» **Data extracts**
-=-=-

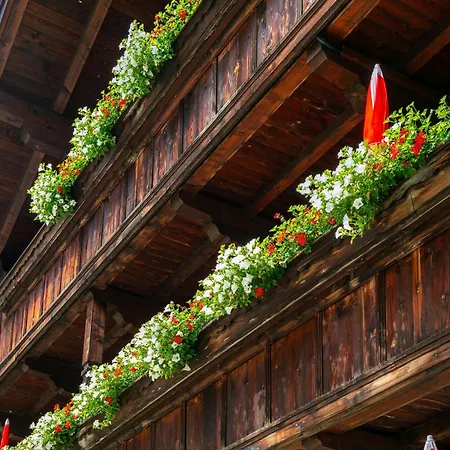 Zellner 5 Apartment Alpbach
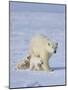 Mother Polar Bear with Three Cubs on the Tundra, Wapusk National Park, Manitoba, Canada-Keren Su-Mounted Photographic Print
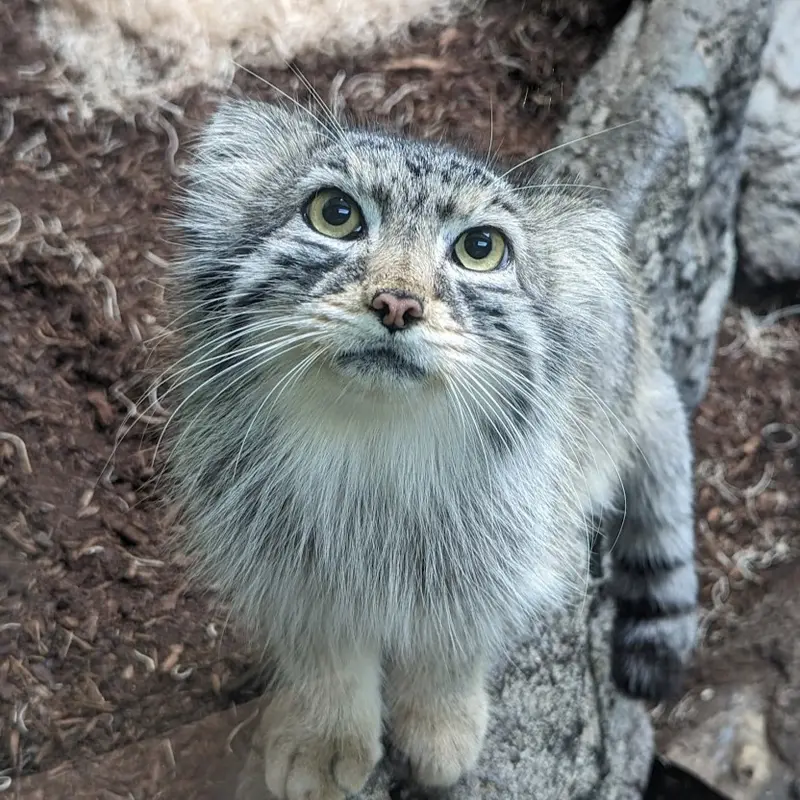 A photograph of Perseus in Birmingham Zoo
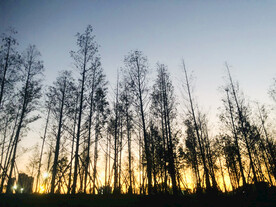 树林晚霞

-=-=-

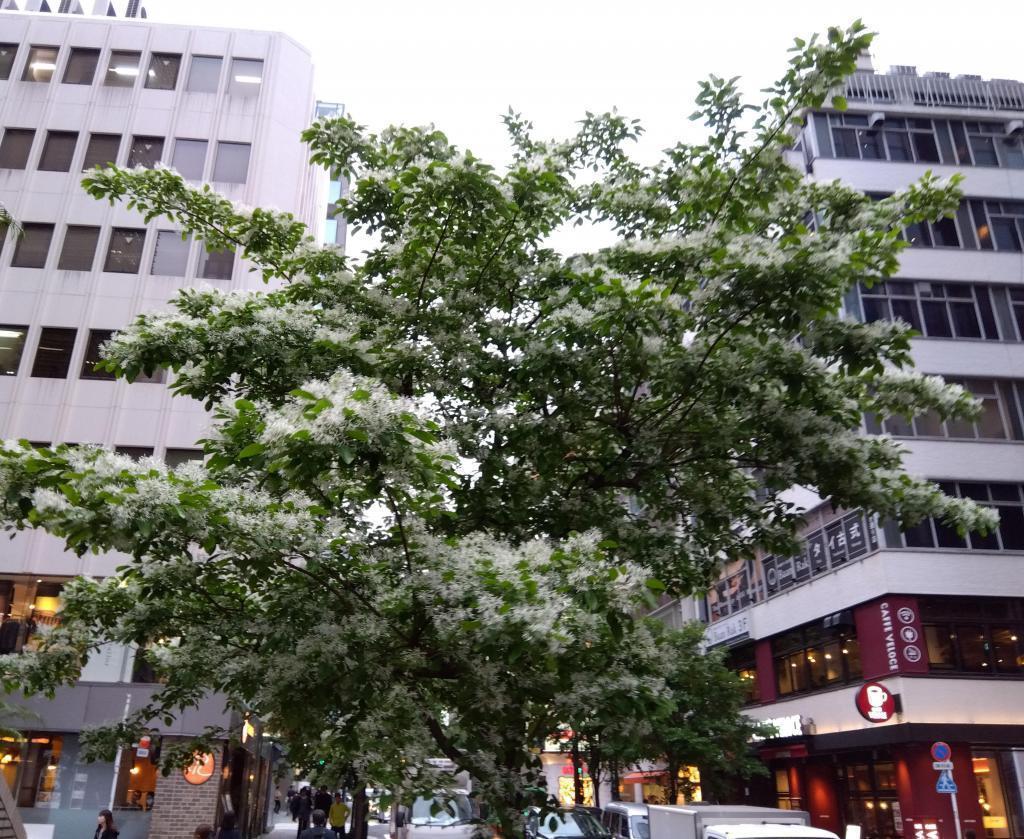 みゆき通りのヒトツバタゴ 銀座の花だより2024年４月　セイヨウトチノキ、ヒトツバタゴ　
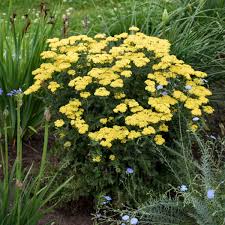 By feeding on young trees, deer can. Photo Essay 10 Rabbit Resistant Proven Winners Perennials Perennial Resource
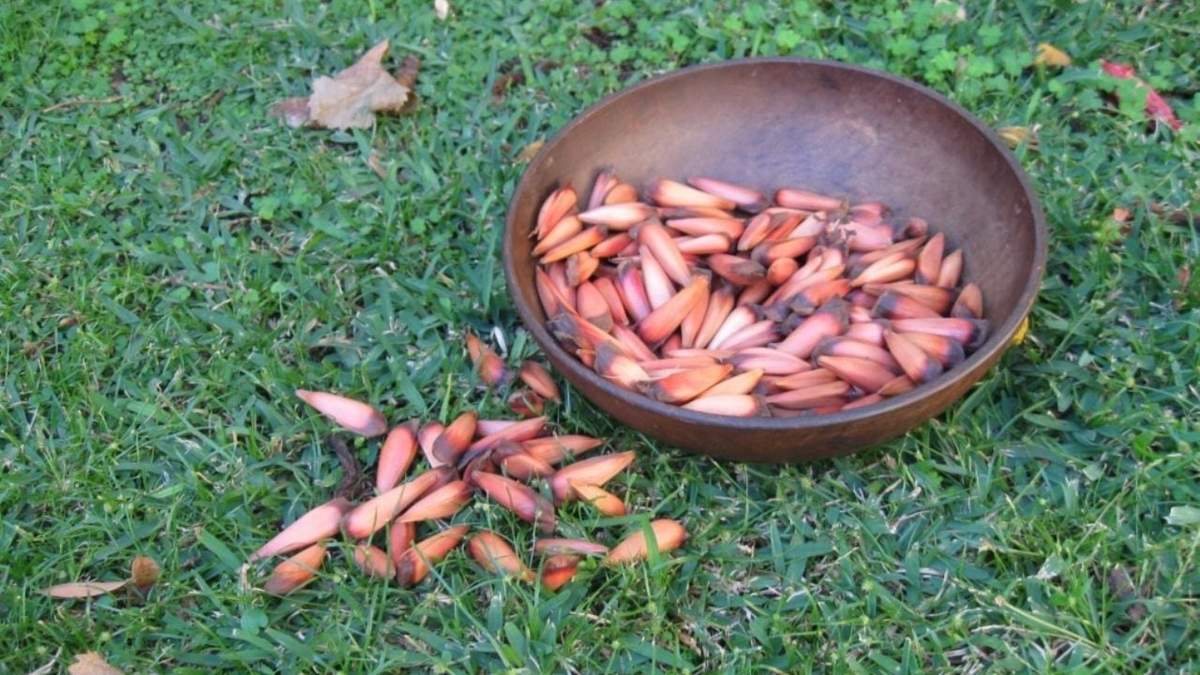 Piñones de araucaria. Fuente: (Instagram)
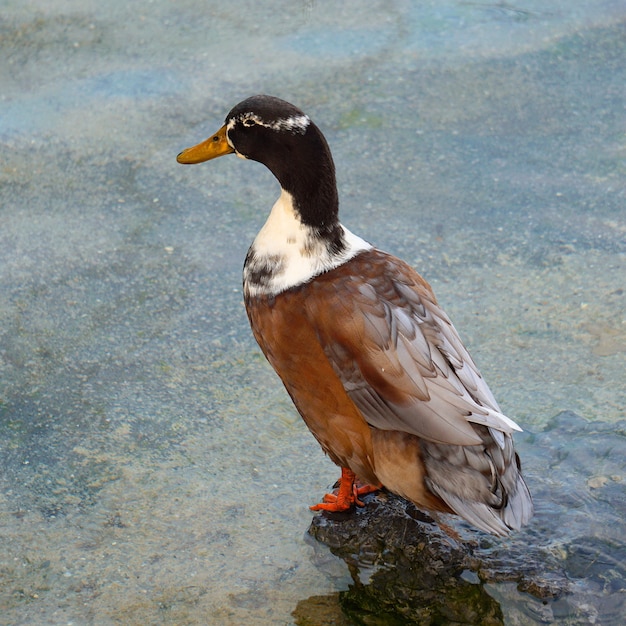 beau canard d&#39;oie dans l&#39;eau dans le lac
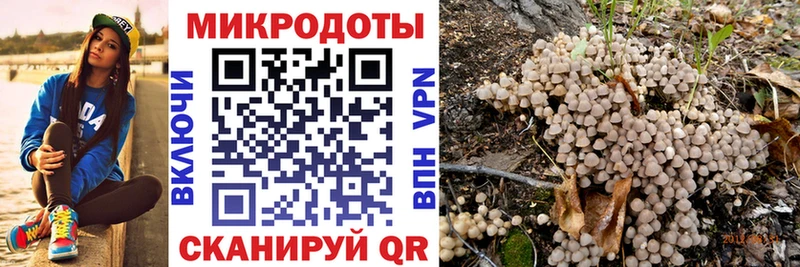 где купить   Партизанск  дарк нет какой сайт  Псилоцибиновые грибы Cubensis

-=-=-

» **Your goal**
Skipping the pictures, print the lines in the listing above exactly as written, starting at the line with "beau canard d&#39;oie" and ending at the line with "Псилоцибиновые грибы Cubensis", both included.

» **Written answer**
 beau canard d&#39;oie dans l&#39;eau dans le lac
 где купить   Партизанск  дарк нет какой сайт  Псилоцибиновые грибы Cubensis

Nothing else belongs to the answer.